REVIEW: A Delicate Balance, John Golden Theatre ✭✭✭✭

John Lithgow and Glenn Close in A Delicate Balance at the John Golden Theatre
John Lithgow and Glenn Close in A Delicate Balance.

A Delicate Balance
The John Golden Theatre
15 January 2015
4 Stars

The sense of distilled gentility, of forced endurance, is thick in the air. Tobias is recounting in horrifying, exquisite detail the time when a favoured pet was put down; Claire is drinking cognac, watching Agnes who is studying Tobias intently, as if scouring plaster for cracks. Suddenly, someone is at the door. Like a squall of frenzied, clenched puffs of acid rain, in scuttle Edna and Harry, looking utterly out of place, homely, yet startled and unsettling. Their presence changes everything: the established rhythms of husband, wife and wife’s sister are shattered; there is now a new tune playing and no one really knows what it is. Except, possibly, Claire, whose inebriation seems to help rather than hinder her insightfulness.

This is Edward Albee’s Pulitzer Prize winning play, A Delicate Balance, now playing at Broadway’s John Golden Theatre, in a revival helmed by Pam Mackinnon who won a Tony Award for her direction of another Albee masterpiece: Who’s Afraid Of Virginia Woolf. Just as Mackinnon reimagined that great text, dug for and found gold, so too, here, she approaches this play in a fresh way.

Whether that has successful results will be, no doubt, a matter of some debate. For me, this was by far the funniest version of this play I have ever seen. And because of that comedic edge, the grimmest sections seemed darker, the outpourings of vile and bile more desperately harrowing, the sense of lives lived in misery and misunderstanding more acute.

As with her version of Who’s Afraid Of Virginia Woolf, Mackinnon does not consider A Delicate Balance a star vehicle. Often productions focus on the appearances-are-everything Agnes, the alcoholic Claire or the serves-drinks-while-the-fires-of-hell-burn-around-him Tobias – but not here. This is a true ensemble vision of the piece. Everyone gets real attention and focus and, inevitably, the balance shifts. Different aspects of the play come into focus, characters that sometimes leave little trace suddenly assume real significance – with the result that pre-conceived notions you might have about the play are challenged.

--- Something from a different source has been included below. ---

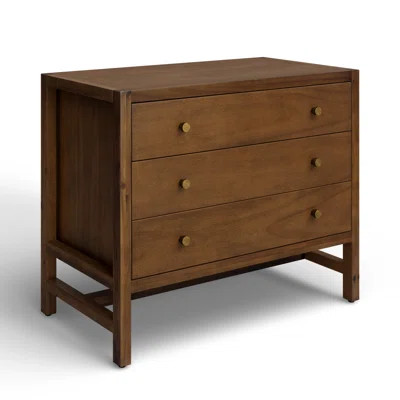 Soline 3 - Drawer Solid Wood Nightstand in Saddle Tan | Wayfair North America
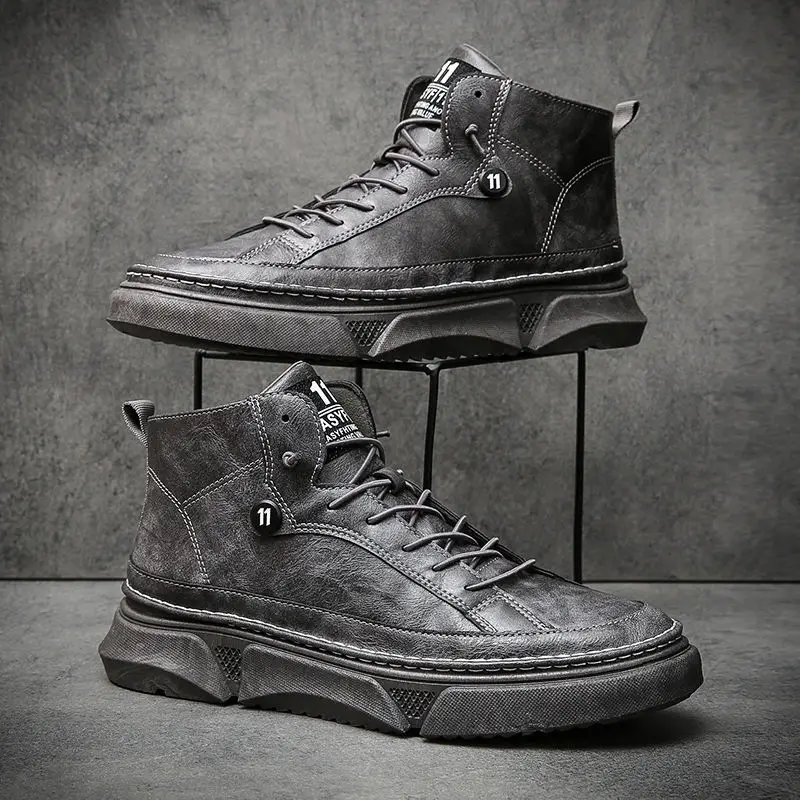 

Men's shoes 2022 new autumn shoes men's black Martin boots Korean trend Joker men's high-top shoes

This production sets its own agenda, all with the express blessing of the text, and the result is an energised, specific reading which focuses on loss, terror, friendship, rights and wrongs. Silence and pain. Fear and, eventually, hope.

Most productions of this play will involve a moment of true visceral horror, usually one that involves Claire and alcohol. Here, the moment comes, viciously and surprisingly, when Edna slaps Julia hard across the face. It is genuinely shocking, the force of the blow reverberating through the theatre.

Because here, Edna and Harry are critically important. They are frightened by some unnamed terror at their own home and, unannounced, seek refuge at the home of Agnes and Tobias, who are their oldest friends; they have known each other for 40 years. They seem mousy and skittery, but it turns out that they are made of stronger steel than any of the others with whom they seek refuge. Small in stature they appear at first, but as the play progresses each assumes a ruthless power, asserting their rights as they see them.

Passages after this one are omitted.